Innovation
L'IA en Hauts-de-France : de la sensibilisation à la pratique
Deux ans après le lancement du projet IAHDF (Intelligence artificielle Hauts-de-France), il était temps de faire le point sur les avancées en région. Si le chemin est encore long avant d'arriver à impliquer toutes les entreprises à s'intéresser à l'IA, la démarche est clairement enclenchée.
En 2018, l’État (la DGEFP – Délégation générale à l'emploi et à la formation professionnelle – et la DIRECCTE devenue DREETS – Direction régionale de l'économie, de l'emploi, du travail et des solidarités), la Région Hauts-de-France, le Medef Lille Métropole et Opcalia (devenu Akto) se sont unis pour lancer une expérimentation de deux ans pour détecter, anticiper et accompagner la transformation des compétences induites par l'émergence de l'IA en Hauts-de-France.
Alors que la région compte 1,5 million de salariés et 450 000
fonctionnaires, 230 000 collaborateurs seront sensibilisés à l'IA d'ici à
2030 selon l'étude menée. Quatrième région française en nombre
d'emplois numériques derrière l'Île-de-France, Auvergne-Rhône-Alpes et
l'Occitanie, les Hauts-de-France compterait plus de 400 chercheurs en IA
sur les 5 300 que compte le territoire.
Un levier pour l'emploi
Les besoins en formation et en recrutement pour la région se montent à
111 400 postes, dont 4 200 postes d'experts en IA à pourvoir d'ici 2023
et 6 400 postes d'experts à faire évoluer en IA. « À cinq ans, un
emploi sur cinq sera touché par l'IA ; un sur trois à dix ans. On estime
les besoins à 7 500 spécialistes d'ici à 2023 à l'échelle nationale »,
détaille Hervé Dissaux, dirigeant du cabinet Helevato. Autant dire que
les besoins sont nombreux et sur toutes les thématiques de l'IA : les
données, les algorithmes, les métiers et les usages.
À travers l'EDEC – Engagement sur le développement de l'emploi et des
compétences – qui structure cet engagement, la certification «Chef de
projet IA» a été créée en lien avec l'IMT Lille Douai pour, justement,
faire monter en compétences des collaborateurs, devenus des femmes et
des hommes "augmentés". Alors, certes, l'IA ne sera pas sans détruire
certains emplois – comme toute transition technologique –, mais elle
permettra aussi de supprimer des tâches répétitives.

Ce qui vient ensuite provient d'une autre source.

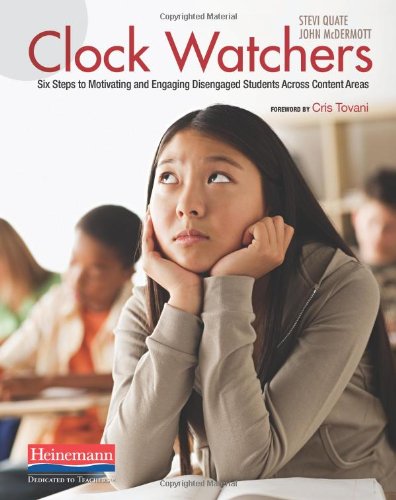 Обложка книги Clock Watchers: Six Steps to Motivating and Engaging Disengaged Students Across Content Areas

Surtout, l'IA
concerne tous types de métiers : du bac au bac +5. Mais aussi tous les
secteurs d'activité.
Défricher le terrain
La sensibilisation à l'IA a déjà été suivie par des collaborateurs de
chez Arc International, du groupe Amethys, du groupe Centaure France ou
encore la pâtisserie lilloise Meert, venus témoigner lors d'une journée
de bilan, le 9 septembre dernier à Entreprises et Cités
(Marc-en-Baroeul). Tous sont d'accord pour dire qu'ils ont pu mettre des
mots sur un terme qui peut paraître abstrait.

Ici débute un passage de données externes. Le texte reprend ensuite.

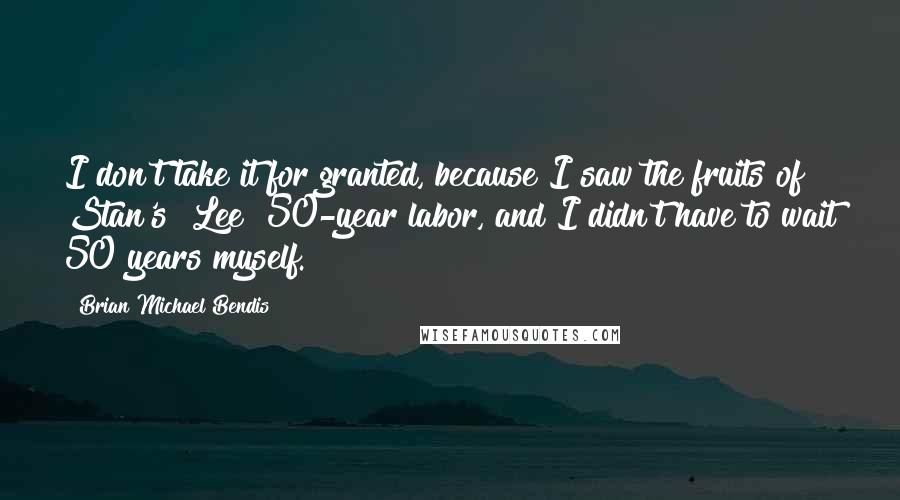 Brian Michael Bendis Quotes: I don't take it for granted, because I saw the fruits of Stan's [Lee] 50-year labor, and I didn't have to wait 50 years myself.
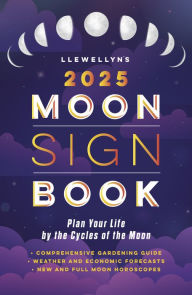 Title: Llewellyn's 2025 Moon Sign Book: Plan Your Life by the Cycles of the Moon, Author: Llewellyn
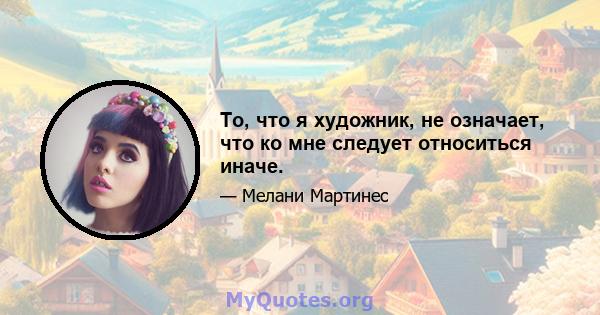 То, что я художник, не означает, что ко мне следует относиться иначе.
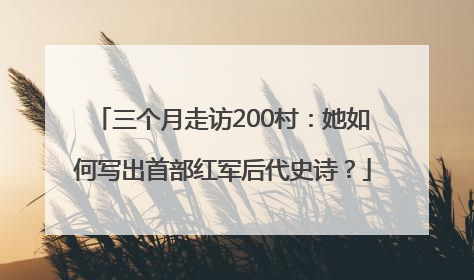 三个月走访200村：她如何写出首部红军后代史诗？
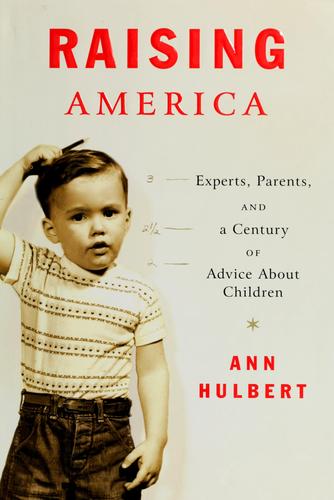 Raising America: experts, parents, and a century of advice about children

« Une dizaine de collaborateurs ont été sensibilisés. Et autant
dire qu'on partait de loin : avec le confinement et la fermeture de la
boutique, on s'est rendu compte qu'on ne connaissait rien de nos clients
ni de leurs attentes. Comment garder le lien avec eux ? Il fallait
créer une vraie base de données. Notre idée, c'est de segmenter
l'information, en plus de la collecter », détaille Thierry Landron, directeur exécutif de chez Meert.
Celui pour qui l'IA était encore « très obscure » avant le
confinement va tester prochainement la livraison à domicile, des
recettes de pâtisserie en ligne chaperonnées par Camille et vient
d'embaucher un spécialiste du marketing digital.

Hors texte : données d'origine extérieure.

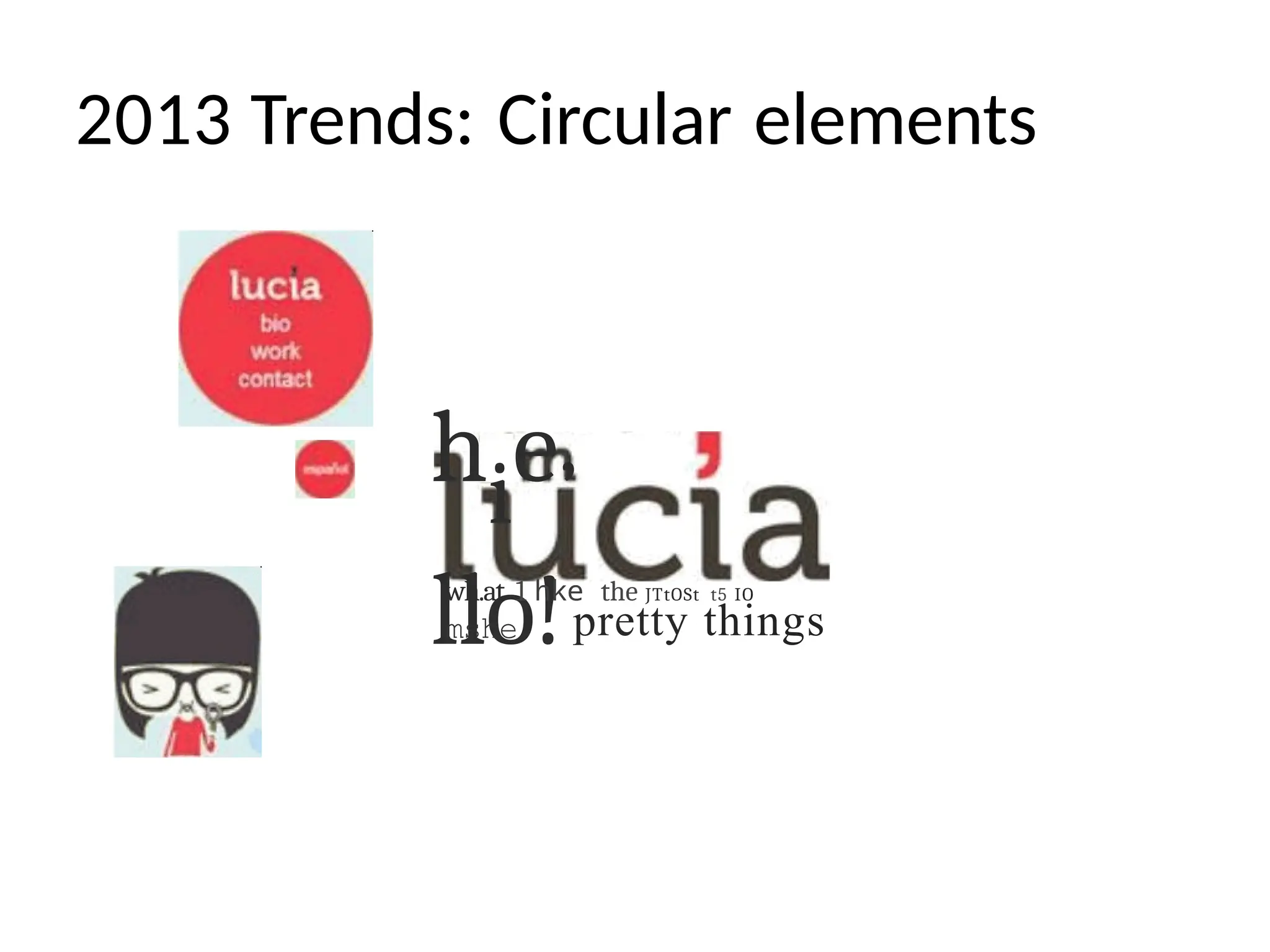 2013 Trends: Circular elements
hie’
llo!
wh.at 1 hke the JTtOSt t5 IO
mshe pretty things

Même constat au sein du groupe Amethys (services et solutions durables dédiés aux réseaux d'eau) : « On
voulait savoir si l'IA était faite pour nous. Quinze collaborateurs ont
été sensibilisés et on avance puisque nous sommes en train d'installer
un ERP (entreprise ressource planning) et une GMAO (gestion de
maintenance assistée par ordinateur) pour éviter la déperdition
d'informations », complète Nicolas Baltazar, repreneur de l'entreprise.
Même s'il est encore trop tôt pour dresser un bilan chiffré de ces expérimentations, force est de constater que les entreprises semblent avoir pris le train de l'IA, avec chacune ses spécificités et ses attentes. Pionnière dans la démarche, la région Hauts-de-France devrait être rapidement suivie par l'Île-de-France, en train de lancer une expérimentation similaire sur son territoire.